The wind brought with it a dust storm messy enough to leave sand in my sheets and make my pajamas look like I’d been out playing in the dirt. I tried to be still, ignore the dust and noise and enjoy the breeze, only to wake up again when I realized that it was raining in my room. I had a sudden Anastasis flash back moment as I jumped out of bed, climbed up on the headboard to shut my windows which are about 10 feet off the ground and covered everything that I didn’t want to be wet and dirty.

The fast, hard and cold rain cooled the night and washed the intensely dusty sky. I woke up in the morning to the aftermath of the rain. Our compound was all messy and wet with things blown over and broken. Even my floor was wet from the rain that had run through the metal shutters and gathered in puddles under the bed. I didn’t want to get up after another half sleepless night of chaos, but I crawled out of bed and climbed back up to open my windows to let in the cool fresh air.

Balanced on my tip toes, the action on the other side of the screen captured my attention and I lingered a moment peering through the window into my neighbors compound. They were scurrying about picking up the pieces of part of their 'home' that had been completely blown away in the night. I was overwhelmed with feeling and I suddenly realized that in a strange way the rains had also washed away the self-centered haze that’s been clouding my vision since arriving in Darfur.

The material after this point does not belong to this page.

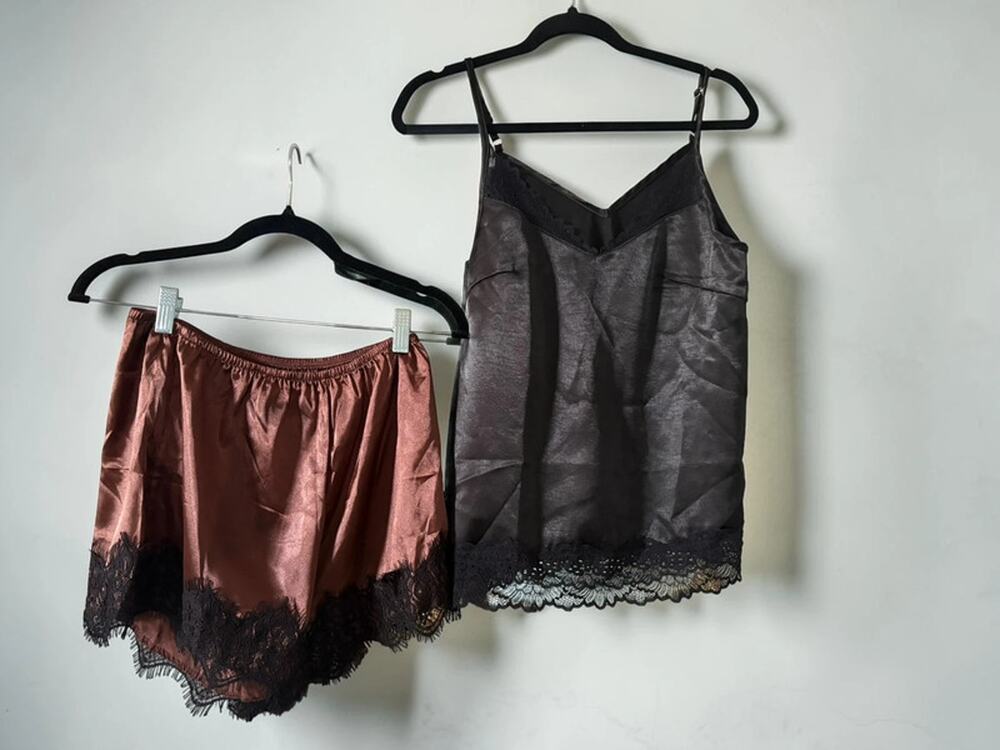 Quince Nwt Black and Brown Satin Size M Shorts set Luxe Coquette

The dust was gone and I could finally see how much I have here and how thousands of people surrounding me have nothing. I’ve been so focused on all that I’ve given up to be here, that I’ve lost sight of the true abundance of blessings that I possess.

I walked through town today and up to the top of the small hill that overlooks Geneina where hundreds of little straw shelters have been built by people who have been forced out of their own villages. I wondered how they fared the rains? I try to imagine what these people do when rain beats down on their heads in the night? Do they crouch in the corner and hover over their children to try to keep them dry? Do they shiver? Can they even count the hours to sunrise like I do on my sweaty sleepless nights when they have no watch or timex indiglo alarm clock? How will they cope when the rains come to stay for the next few months?

Perhaps tonight as I lie awake again in my hot and sweaty room, instead of counting sleepless minutes, I’ll count the things I’m thankful for… the walls around me… the ceiling over my head… and the amazing opportunity that I have to be living among the people of Sudan.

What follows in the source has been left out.